WORK INSTRUCTION: The answer is the line containing "Resale - Apartment - Torrevieja - La Mata" plus every line after it to the end of the material, retyped exactly and without the pictures.
***** SOURCE DATA *****
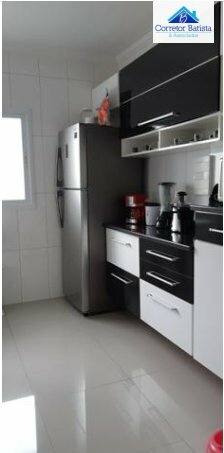 Apartamento à venda com 2 quartos, 65m² - Foto 10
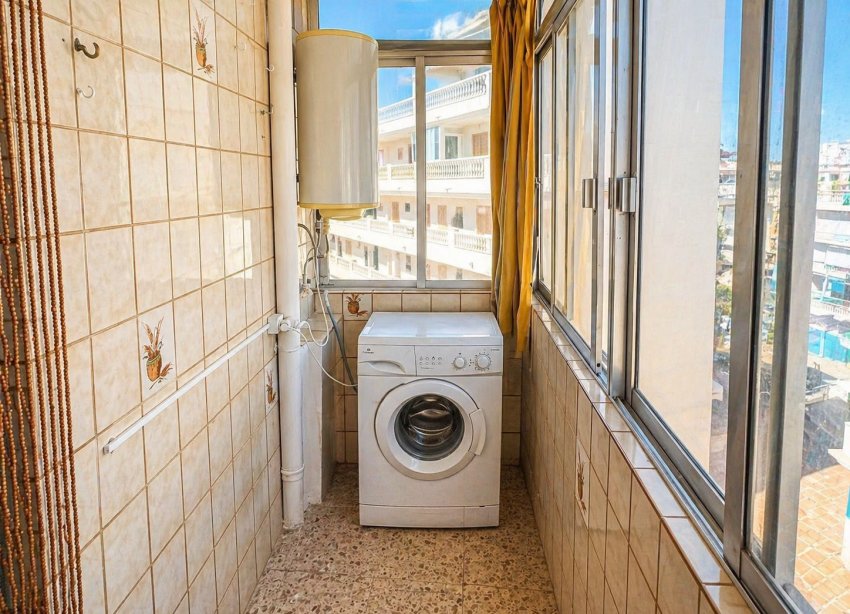Resale - Apartment - Torrevieja - La Mata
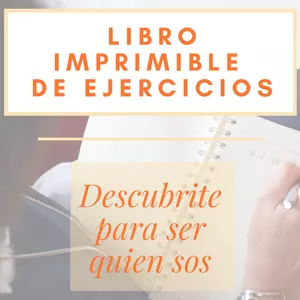 Imagen de portada para Ebook Ejercicios de autoconocimiento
*****
OUTPUT BELOW:
Resale - Apartment - Torrevieja - La Mata
 Imagen de portada para Ebook Ejercicios de autoconocimiento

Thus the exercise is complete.